> [Activity] Every line below must be reproduced exactly; no pictures are to be included.

> [Raw data]

------------------------------

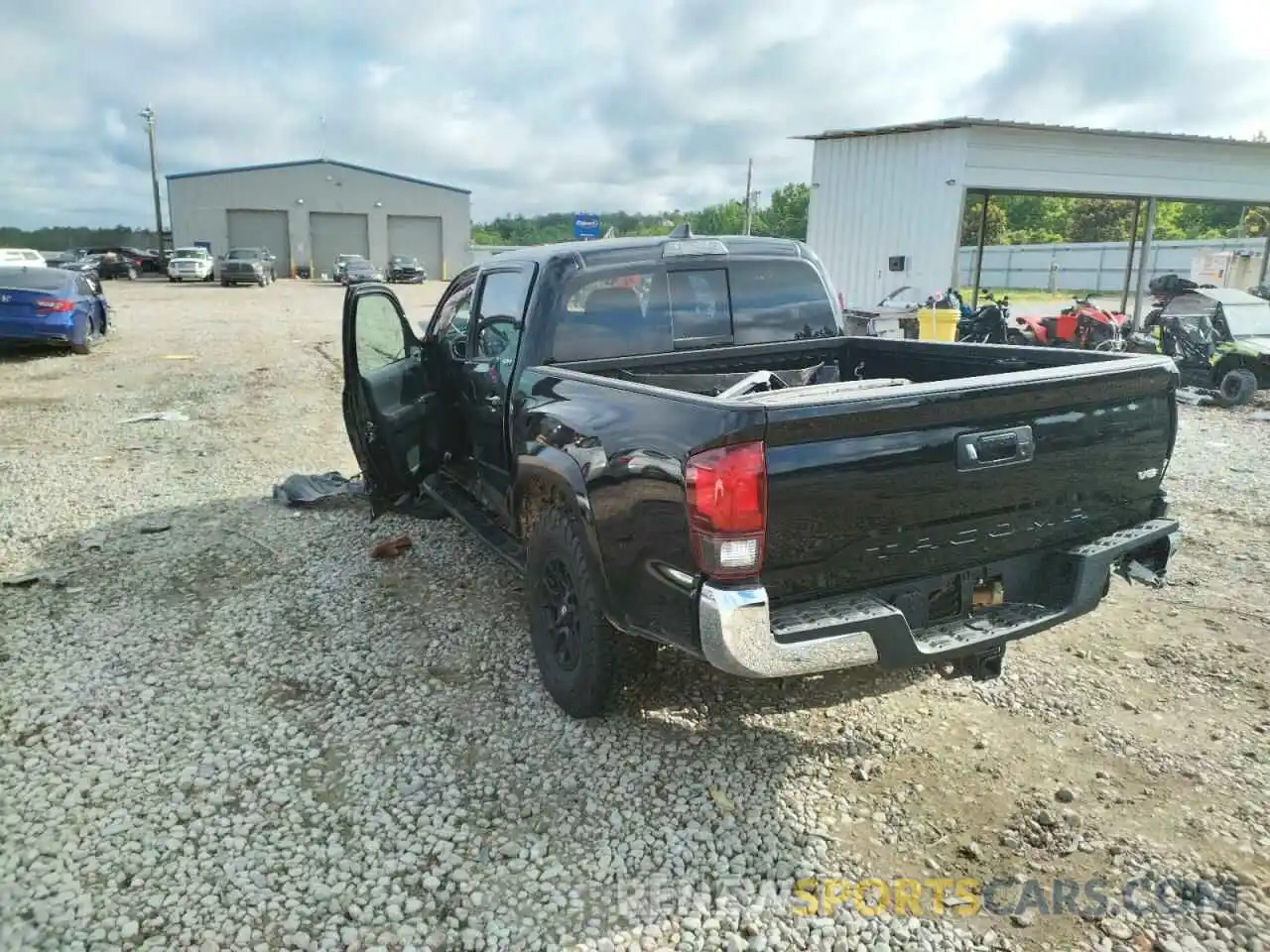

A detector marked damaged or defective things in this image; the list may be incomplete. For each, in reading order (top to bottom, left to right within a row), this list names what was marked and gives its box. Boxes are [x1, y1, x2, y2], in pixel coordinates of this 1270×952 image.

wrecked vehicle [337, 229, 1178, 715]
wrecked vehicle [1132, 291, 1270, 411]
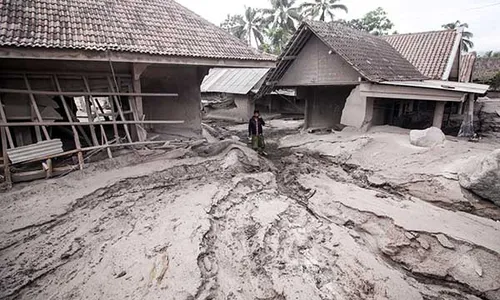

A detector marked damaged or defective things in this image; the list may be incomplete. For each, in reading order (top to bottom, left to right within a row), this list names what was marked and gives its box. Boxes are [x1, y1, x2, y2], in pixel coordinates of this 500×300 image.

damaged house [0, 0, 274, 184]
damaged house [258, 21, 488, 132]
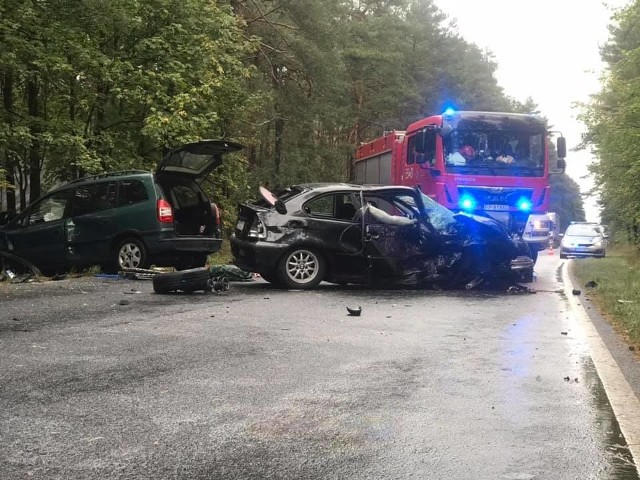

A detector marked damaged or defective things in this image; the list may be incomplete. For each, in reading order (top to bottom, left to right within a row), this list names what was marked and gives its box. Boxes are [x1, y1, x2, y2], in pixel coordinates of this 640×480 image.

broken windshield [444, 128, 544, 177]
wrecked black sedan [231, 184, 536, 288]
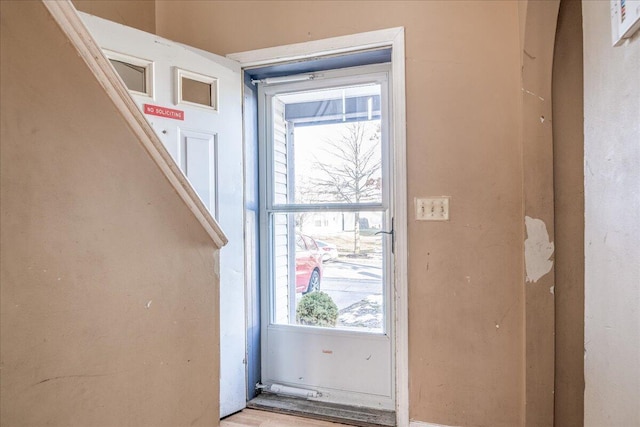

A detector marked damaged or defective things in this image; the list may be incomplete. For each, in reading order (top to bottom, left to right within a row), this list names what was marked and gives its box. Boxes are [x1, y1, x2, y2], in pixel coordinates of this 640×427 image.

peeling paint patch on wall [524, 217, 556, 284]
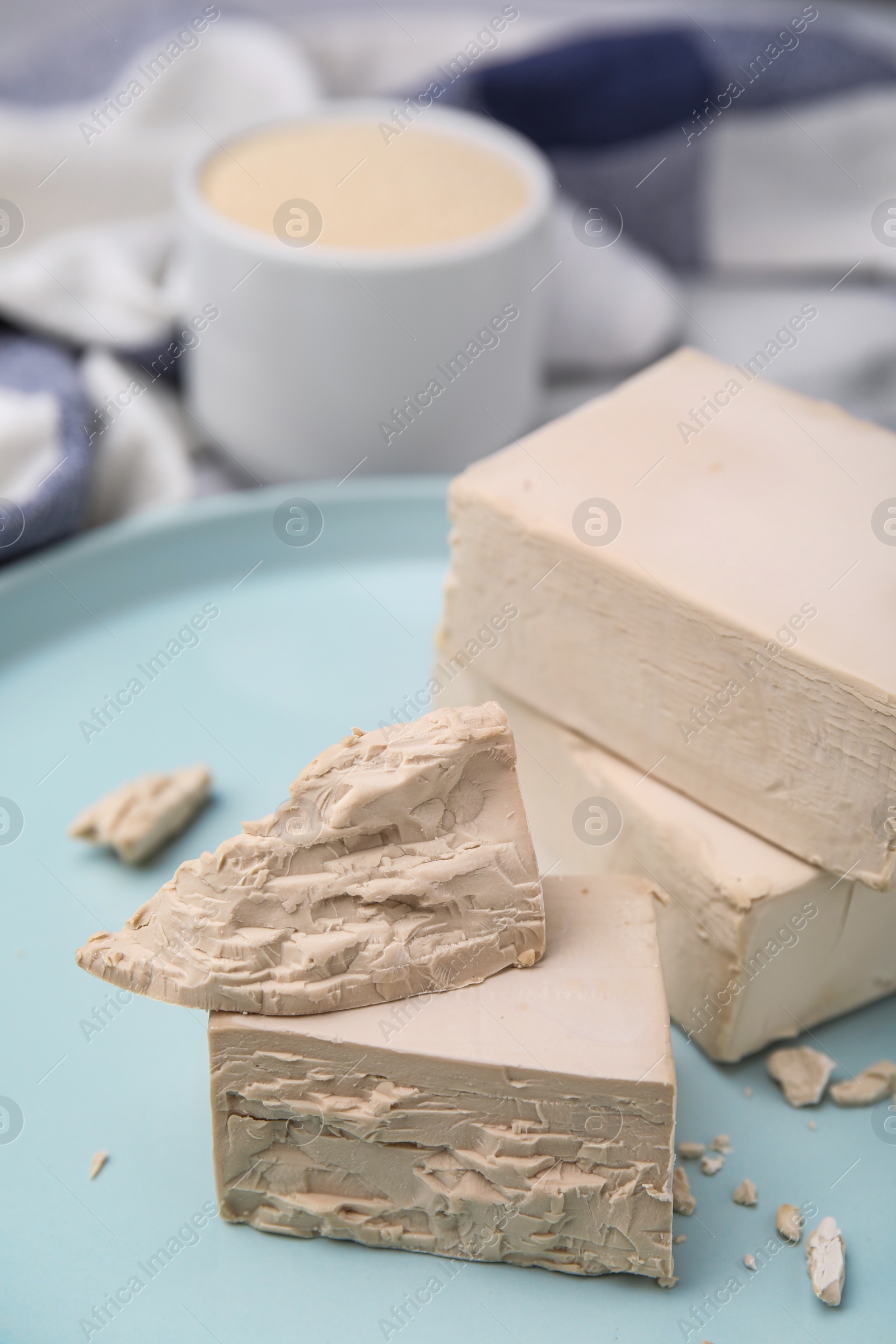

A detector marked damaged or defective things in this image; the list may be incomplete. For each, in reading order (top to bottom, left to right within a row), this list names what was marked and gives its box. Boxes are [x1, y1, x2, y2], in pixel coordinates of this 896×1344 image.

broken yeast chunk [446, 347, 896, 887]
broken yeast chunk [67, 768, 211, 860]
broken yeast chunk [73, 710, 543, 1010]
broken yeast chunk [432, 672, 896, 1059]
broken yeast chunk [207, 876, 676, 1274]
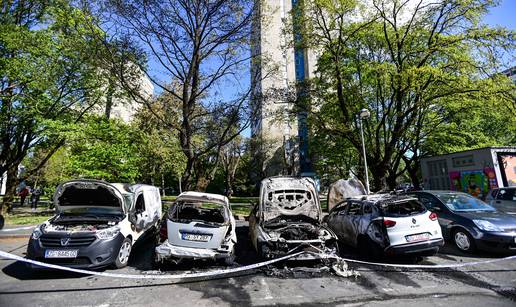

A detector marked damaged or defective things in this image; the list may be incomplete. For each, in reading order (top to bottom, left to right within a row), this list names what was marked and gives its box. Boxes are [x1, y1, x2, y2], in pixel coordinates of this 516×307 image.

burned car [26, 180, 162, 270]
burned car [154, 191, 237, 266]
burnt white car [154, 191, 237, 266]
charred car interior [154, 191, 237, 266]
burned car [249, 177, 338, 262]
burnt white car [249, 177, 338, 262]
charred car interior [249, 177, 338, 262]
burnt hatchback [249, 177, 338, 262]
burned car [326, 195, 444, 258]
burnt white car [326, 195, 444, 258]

------------------------------

> [Reply]
A detector marked damaged or defective things in this image; the list may be incomplete. For each, in reading order (top to bottom, left to right within a row), this list names what was marked and gives its box. Boxes are [x1, y1, x2, y2], in pixel coordinates of this 1270×952 image.

wrecked vehicle [337, 229, 1178, 715]
wrecked vehicle [1132, 291, 1270, 411]

A detector marked damaged or defective things in this image; the list may be incomplete. For each, in reading order (top to bottom, left to right within a row), this list names what was marked and gives its box. Boxes are [x1, y1, x2, y2], in pixel coordinates of this 500×300 image.

damaged house [0, 0, 274, 184]
damaged house [258, 21, 488, 132]

A detector marked damaged or defective things in this image; the list may be incomplete. For each, in reading order (top to bottom, left to right within a row), this list names what was marked and gives its box. Boxes are [x1, y1, x2, y2], in pixel coordinates of this 640×480 image.

broken windshield [444, 128, 544, 177]
wrecked black sedan [231, 184, 536, 288]

A detector marked damaged or defective things in this image; the list may be incomplete. For each, in reading order (top to bottom, left to right within a row), this list names what was marked and gives its box. Boxes are [x1, y1, x2, y2], in pixel coordinates of this 640×427 image.

peeling paint patch on wall [524, 217, 556, 284]

A detector marked damaged or defective things in this image; the list may be incomplete. For each, in reading order (top to bottom, left to right within a row), this list names what was marked and gives its box. Boxes are [x1, y1, x2, y2], in pixel coordinates of this 896×1344 image.

broken yeast chunk [446, 347, 896, 887]
broken yeast chunk [67, 768, 211, 860]
broken yeast chunk [73, 710, 543, 1010]
broken yeast chunk [432, 672, 896, 1059]
broken yeast chunk [207, 876, 676, 1274]

A detector marked damaged or defective things in this image; the list may be incomplete. For each, in reading order (top to bottom, left to right within a row), this list names what was marked and gives its box. Boxes are [x1, y1, x2, y2], in pixel coordinates of this 516×307 image.

burned car [26, 180, 162, 270]
burned car [154, 191, 237, 266]
burnt white car [154, 191, 237, 266]
charred car interior [154, 191, 237, 266]
burned car [249, 177, 338, 262]
burnt white car [249, 177, 338, 262]
charred car interior [249, 177, 338, 262]
burnt hatchback [249, 177, 338, 262]
burned car [326, 195, 444, 258]
burnt white car [326, 195, 444, 258]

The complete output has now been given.